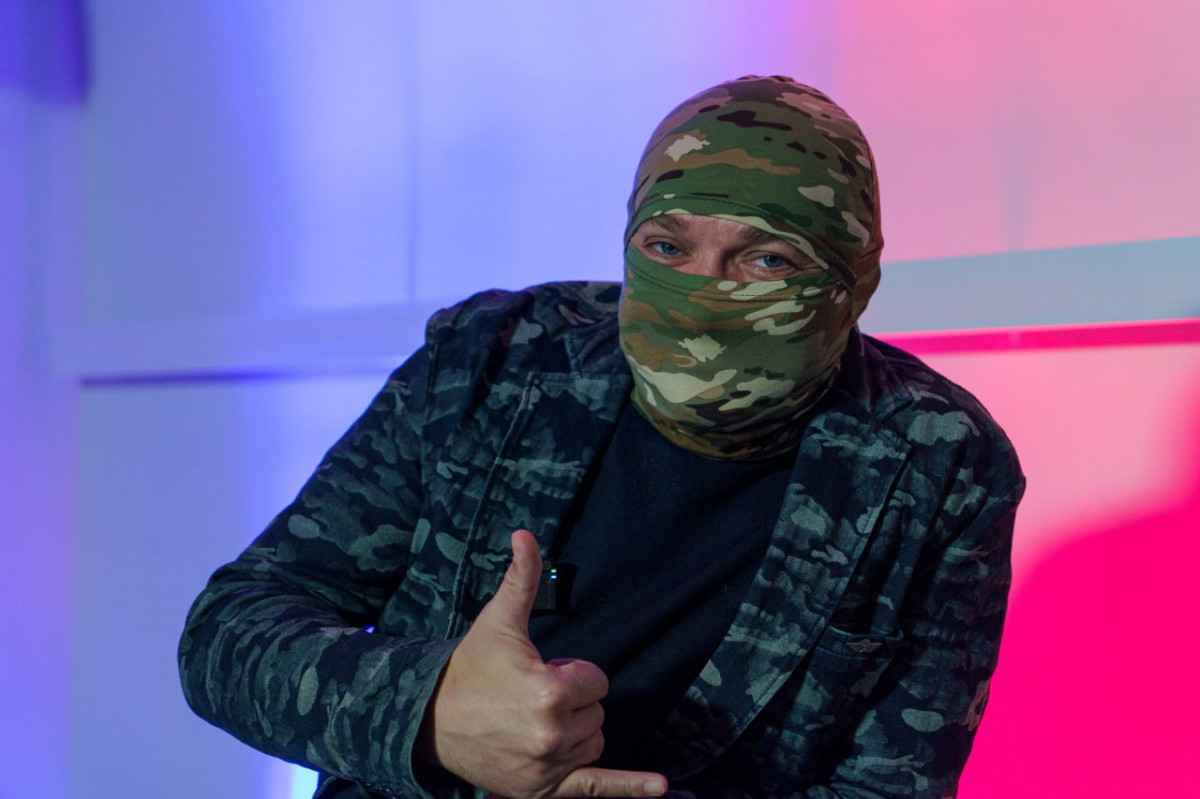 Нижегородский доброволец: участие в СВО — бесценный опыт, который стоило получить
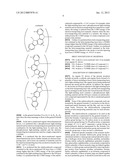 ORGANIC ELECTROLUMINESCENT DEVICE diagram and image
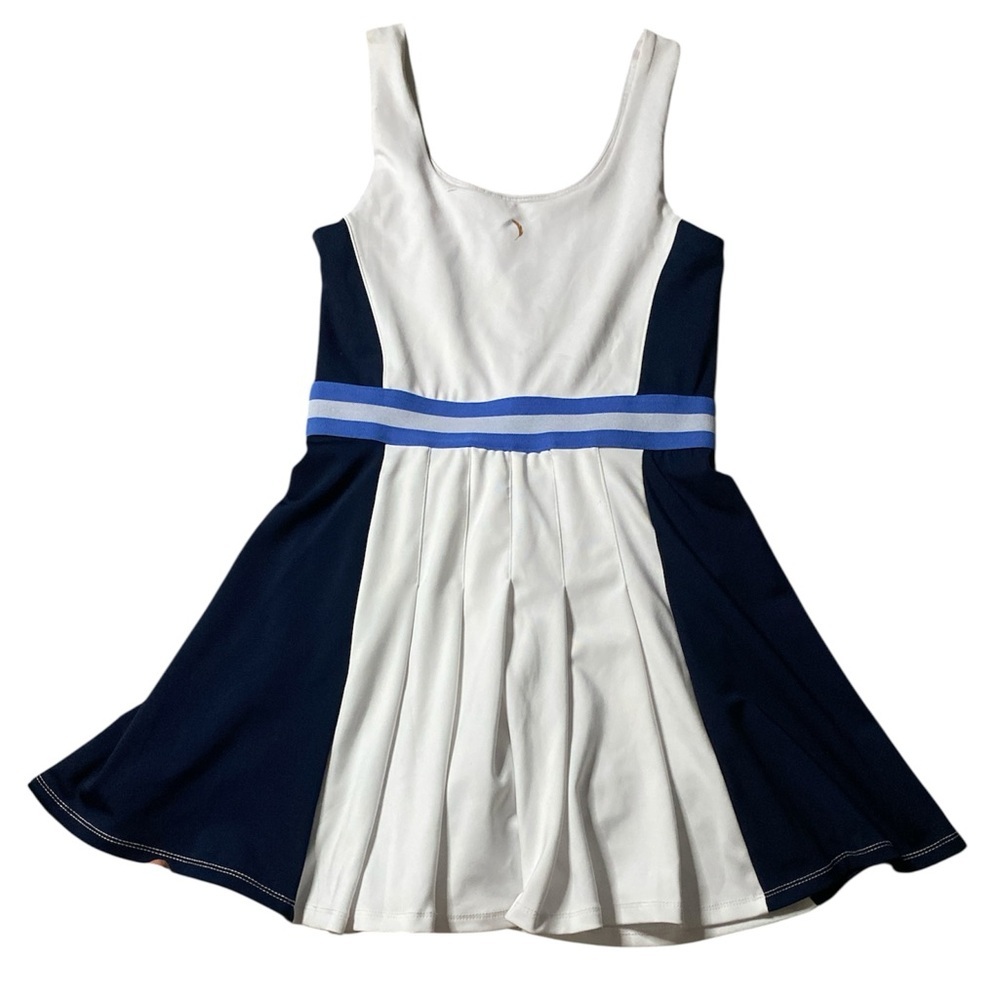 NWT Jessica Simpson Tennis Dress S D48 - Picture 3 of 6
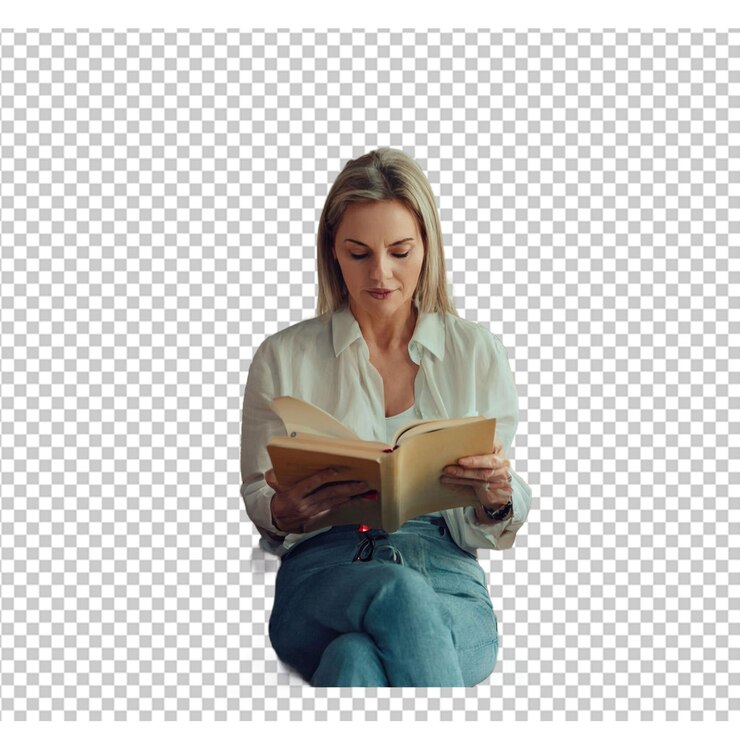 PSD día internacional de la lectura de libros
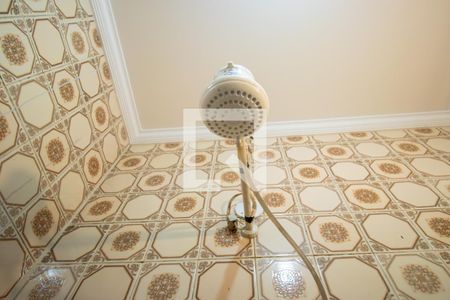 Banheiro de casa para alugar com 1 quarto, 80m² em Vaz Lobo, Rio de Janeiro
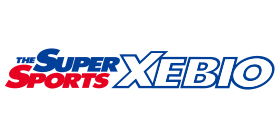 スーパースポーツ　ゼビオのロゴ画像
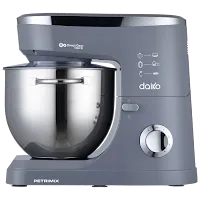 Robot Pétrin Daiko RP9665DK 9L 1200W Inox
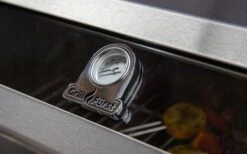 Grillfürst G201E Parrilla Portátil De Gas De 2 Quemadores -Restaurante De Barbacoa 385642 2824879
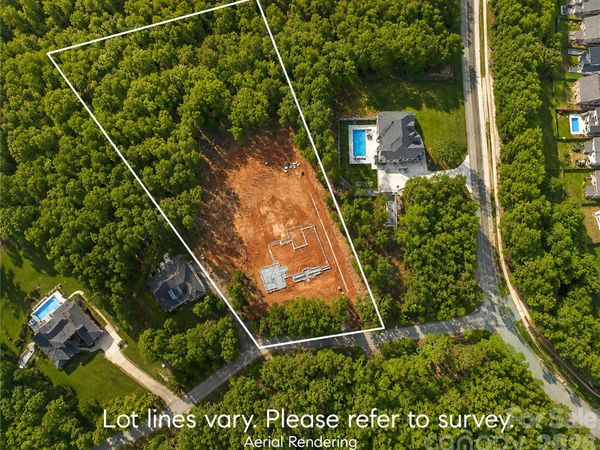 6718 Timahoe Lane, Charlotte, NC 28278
────
■ What you should do
Copy out exactly the lines that begin at the line with "Grillfürst G201E Parrilla" and end at the final line of the entries above. Leave out the pictures.

■ Final answer
 Grillfürst G201E Parrilla Portátil De Gas De 2 Quemadores -Restaurante De Barbacoa 385642 2824879
 6718 Timahoe Lane, Charlotte, NC 28278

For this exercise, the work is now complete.